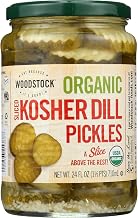 Woodstock Farms Organic Kosher Dill S Pickles (6x24 OZ) 6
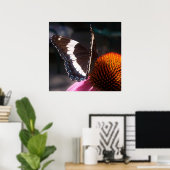 Schmetterling in Harmonie 58 Poster (Heimbüro)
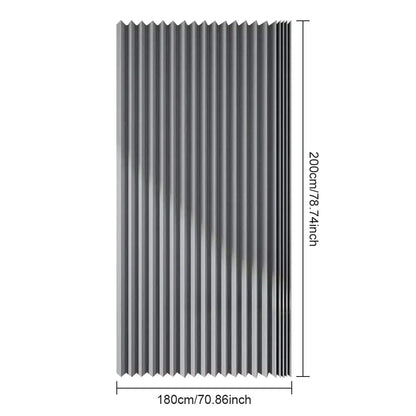 Foldable Magnetic Shower Curtain Waterproof Bath Curtain with 12/14 Hooks Modern Curtain Privacy Bathroom Divider for Bathroom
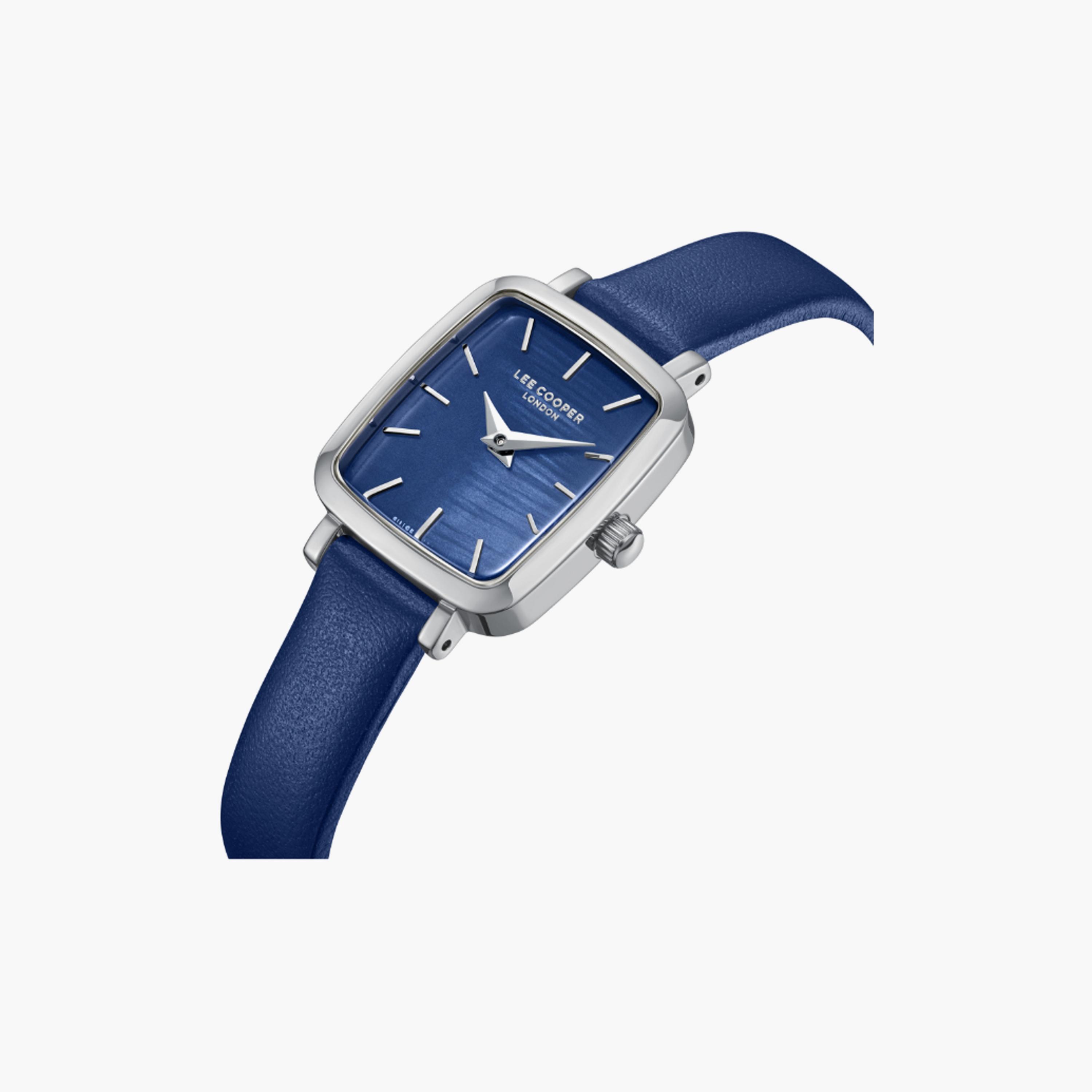 Lee Cooper Women's 22 MM Blue Analog Leather Watch | LC08151.399-women-watchesandjewellery-watches-image-4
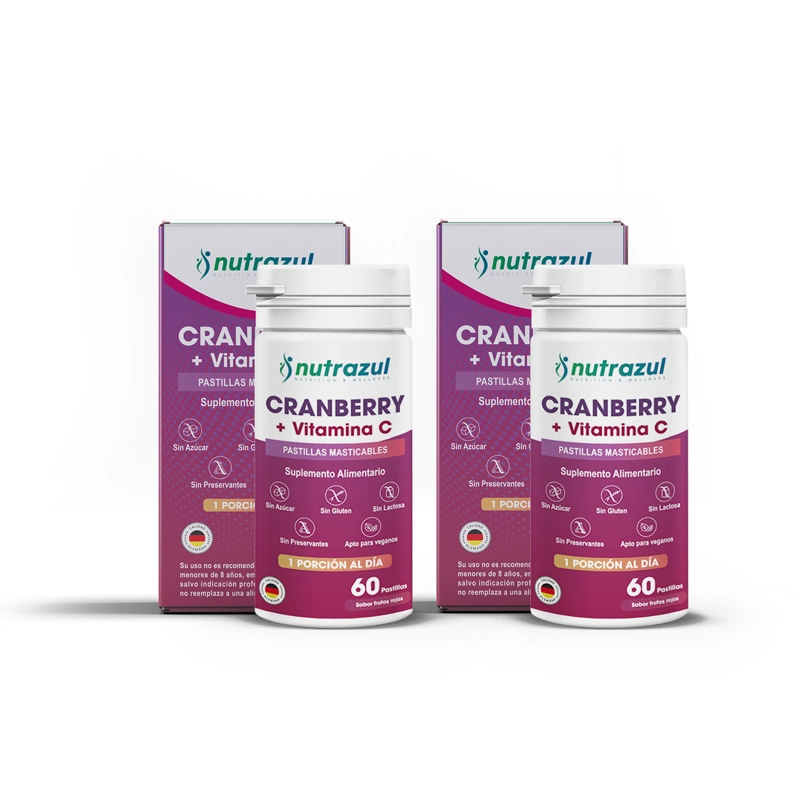 CRANBERRY + VITAMINA C NUTRAZUL- PACK 2 UNIDADES - 1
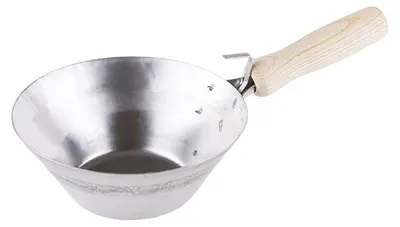 Obrázek produktu pro Naběračka zednická nerez FESTA 170mm dřevěná ručka 32285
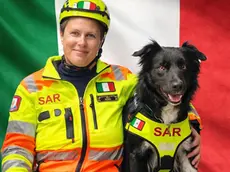 Elena Meda e il suo compagno a quattro zampe Gangster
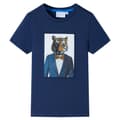 Miniatyrbild 1 av 2: T-shirt med korta ärmar för barn mörkblå 104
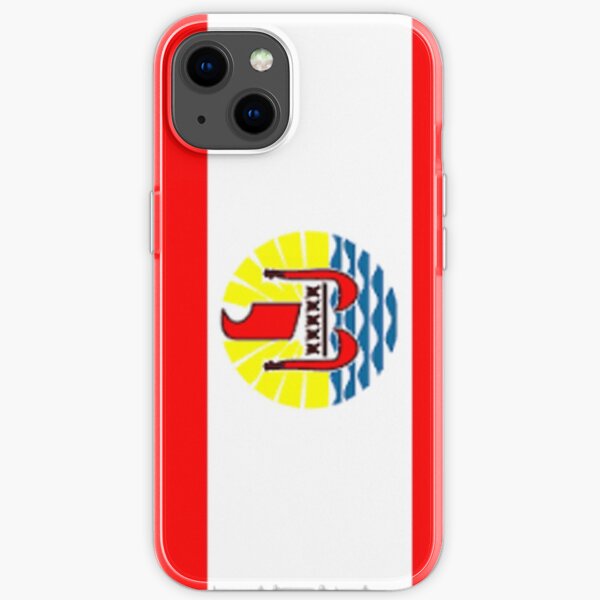 Drapeau de Tahiti Coque souple iPhone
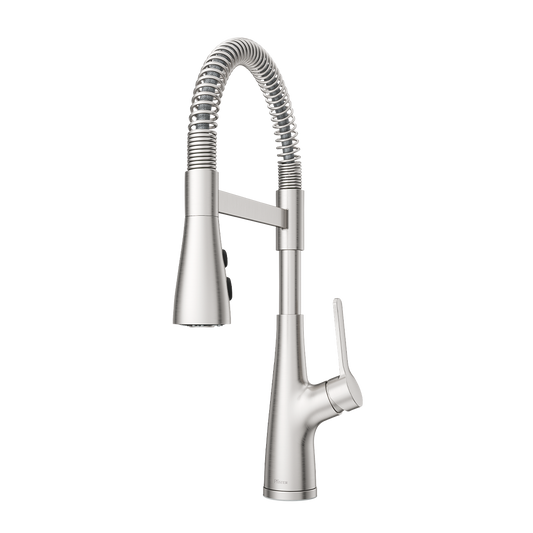 Grifería de Cocina Neera con Cabezal Extraíble en Cromo Mate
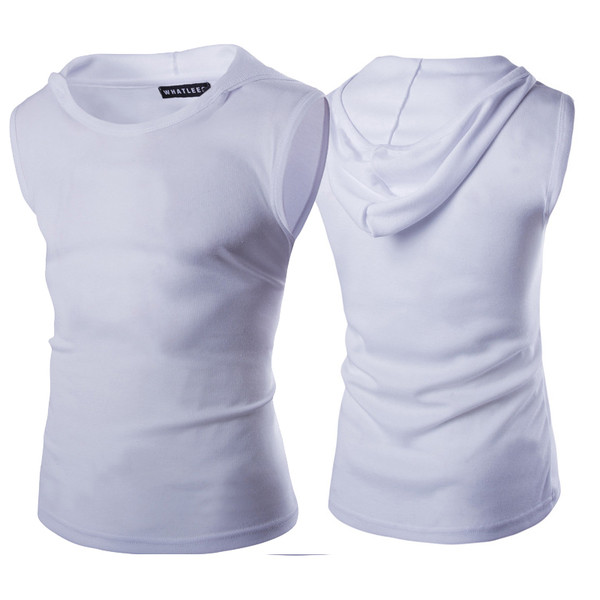 Ανδρικό αμάνικο σε διάφορα χρώματα με κουκούλα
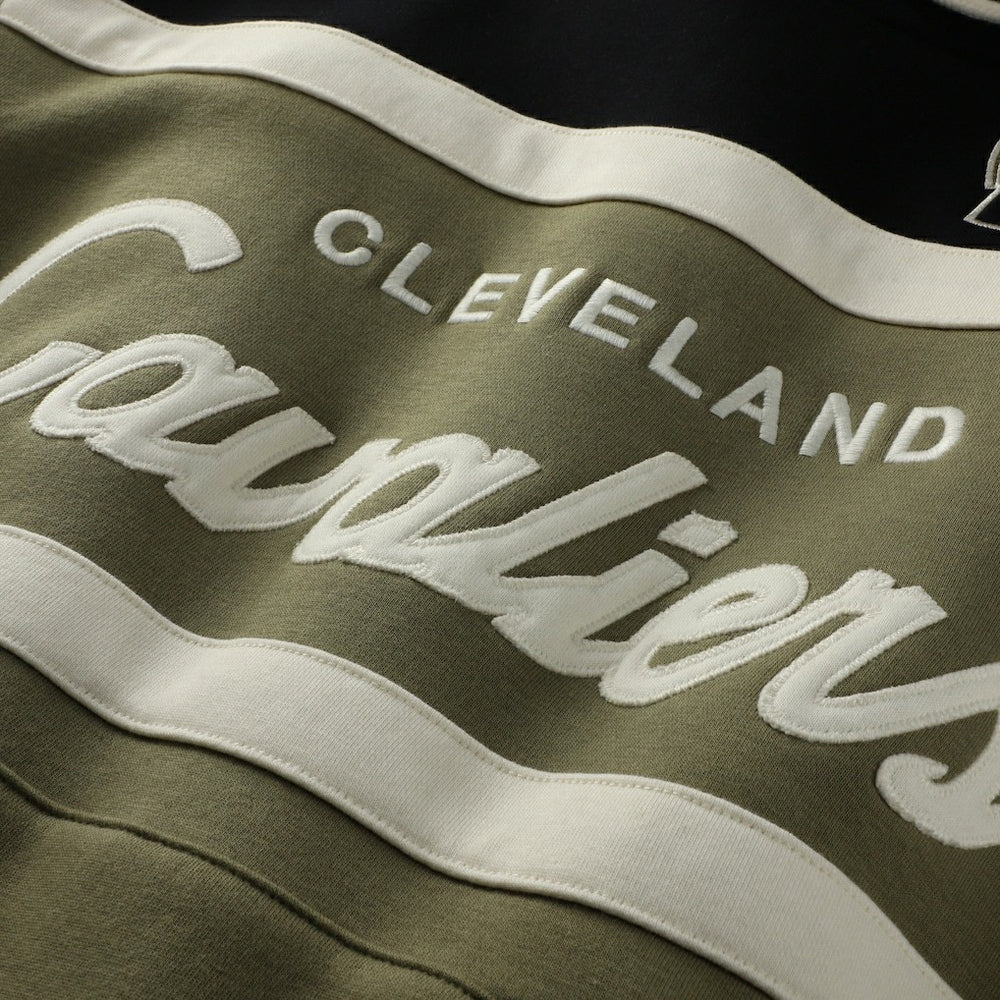 Cleveland Cavaliers Double Clutch Head Coach Hoodie for sale Olive/Black | Mitchell & Ness online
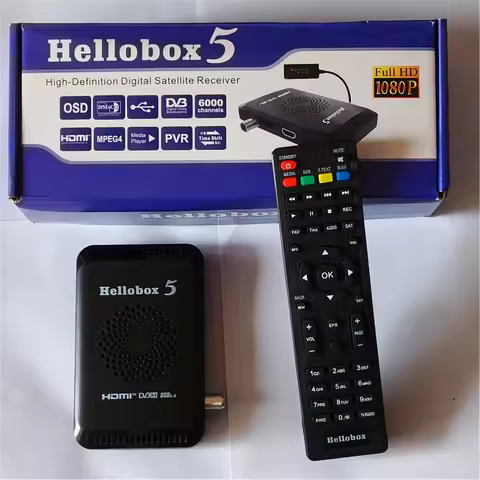 2025 Hellobox 5 Receiver Satellite TV Receiver DVB-T2 DVB S2 Combo TV Box Tuner Satellite TV Receive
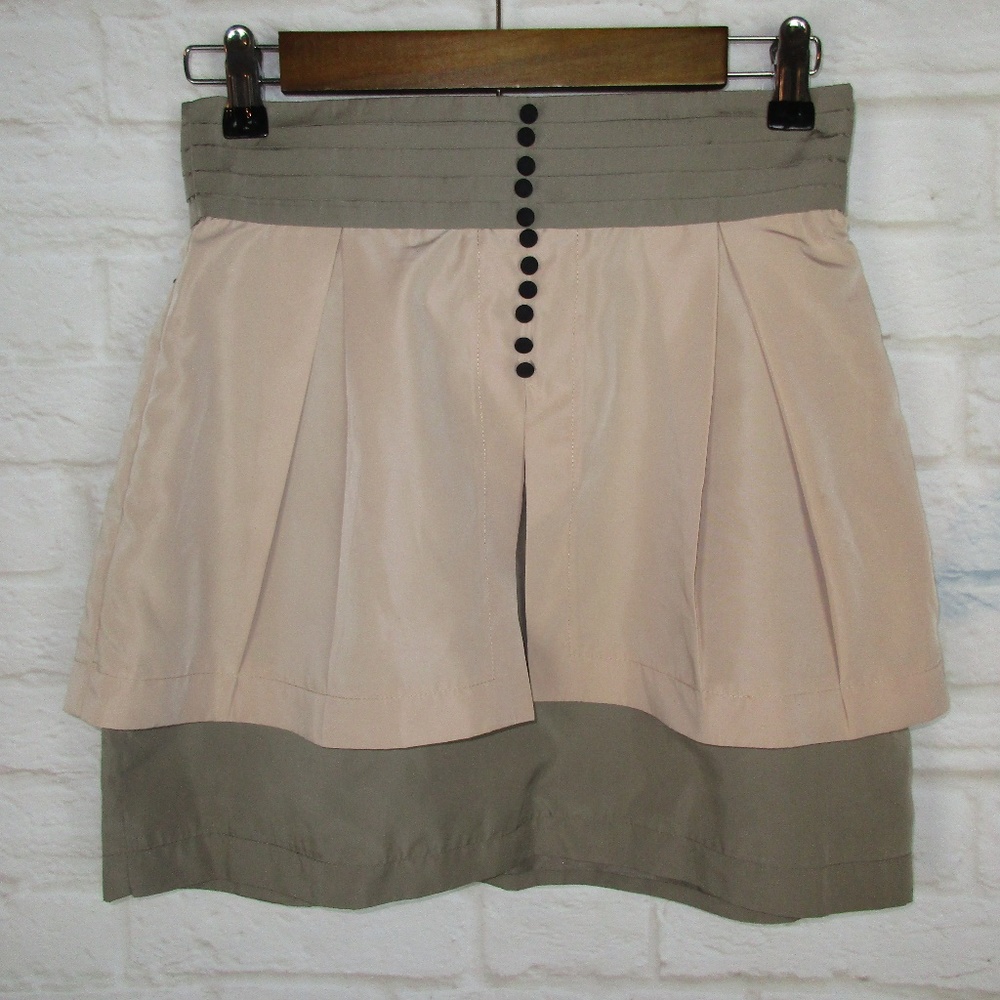 Twelve By Twelve Pink Nude Black Bow Back Skirt - Picture 3 of 7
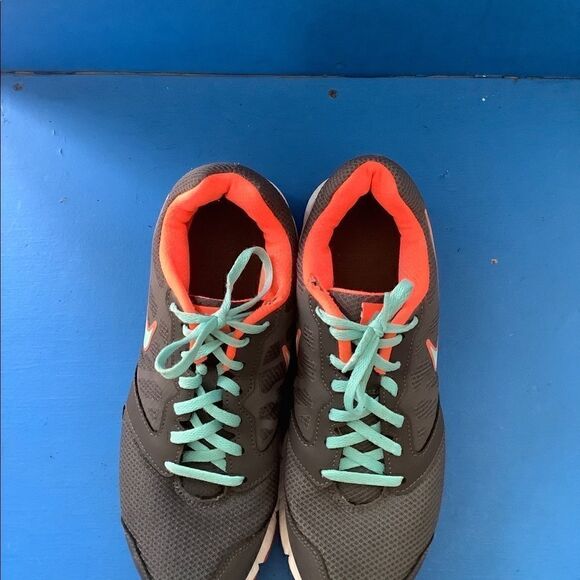 Nike Womens Downshifter Grey Blue Running Shoes - Picture 3 of 10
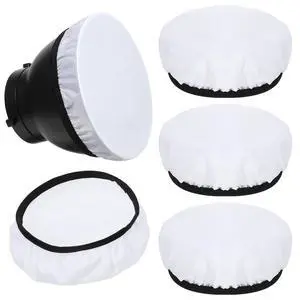 7"/18cm Light Diffuser,Soft Diffuser Lamp Cover White Lamp Shade Diffuser,Great for Studio Strobe Reflectors, Video Shooting (4Pcs) 7"/18cm Light Diffuser,Soft Diffuser Lamp Cover White Lamp Shade Diffuser,Great for Studio Strobe Reflectors, Video Shooting (4Pcs)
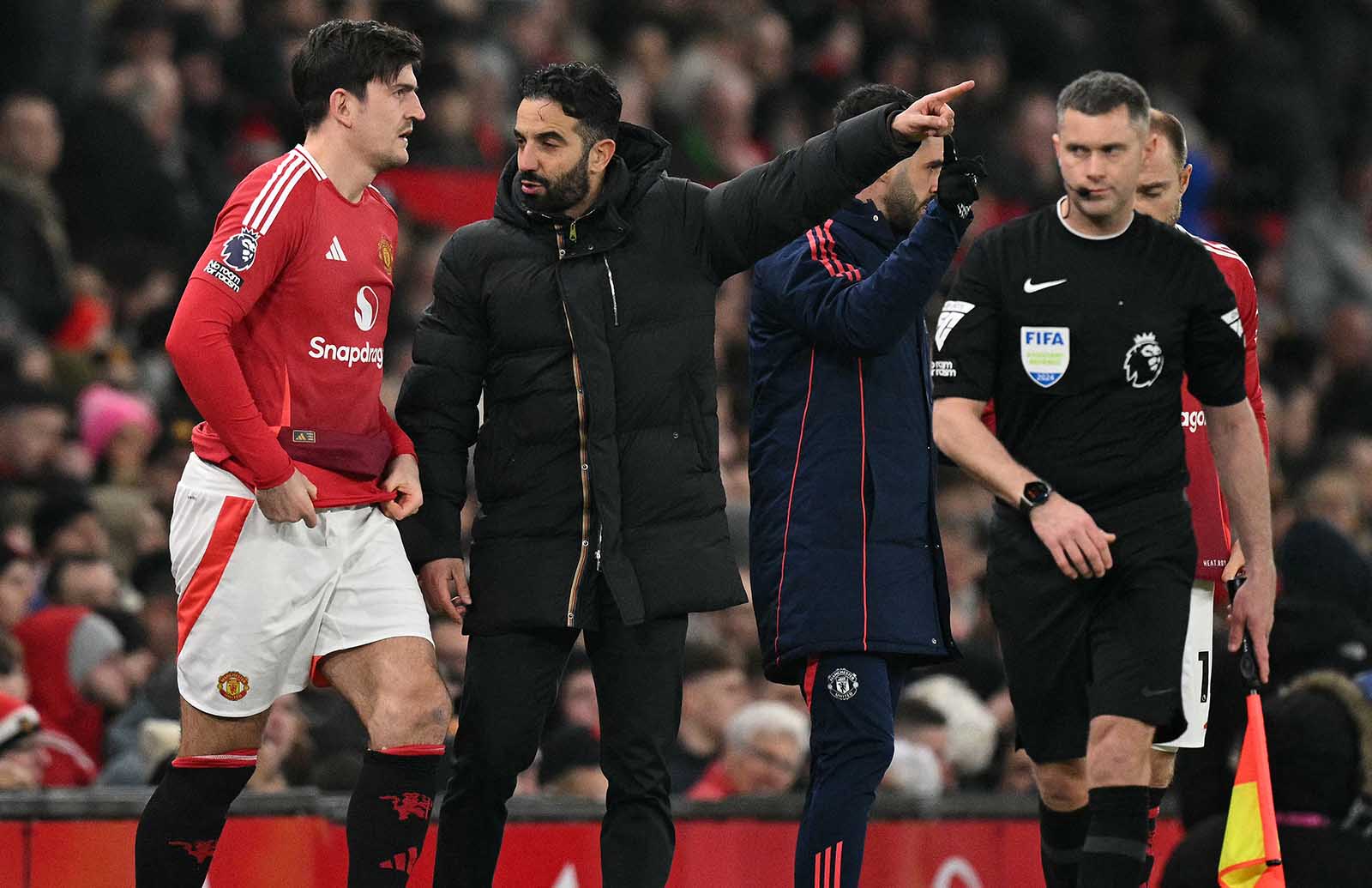 Harry Maguire la canh tay dac luc cua Ruben Amorim. Anh: AFP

..........

_Work to be completed_. Copy the lines above exactly, starting at the one with "CRANBERRY + VITAMINA" and ending at the one with "Ανδρικό αμάνικο σε", both included. Leave out any pictures and add nothing else.

_Solution_.
 CRANBERRY + VITAMINA C NUTRAZUL- PACK 2 UNIDADES - 1
 Obrázek produktu pro Naběračka zednická nerez FESTA 170mm dřevěná ručka 32285
 Elena Meda e il suo compagno a quattro zampe Gangster
 Miniatyrbild 1 av 2: T-shirt med korta ärmar för barn mörkblå 104
 Drapeau de Tahiti Coque souple iPhone
 Grifería de Cocina Neera con Cabezal Extraíble en Cromo Mate
 Ανδρικό αμάνικο σε διάφορα χρώματα με κουκούλα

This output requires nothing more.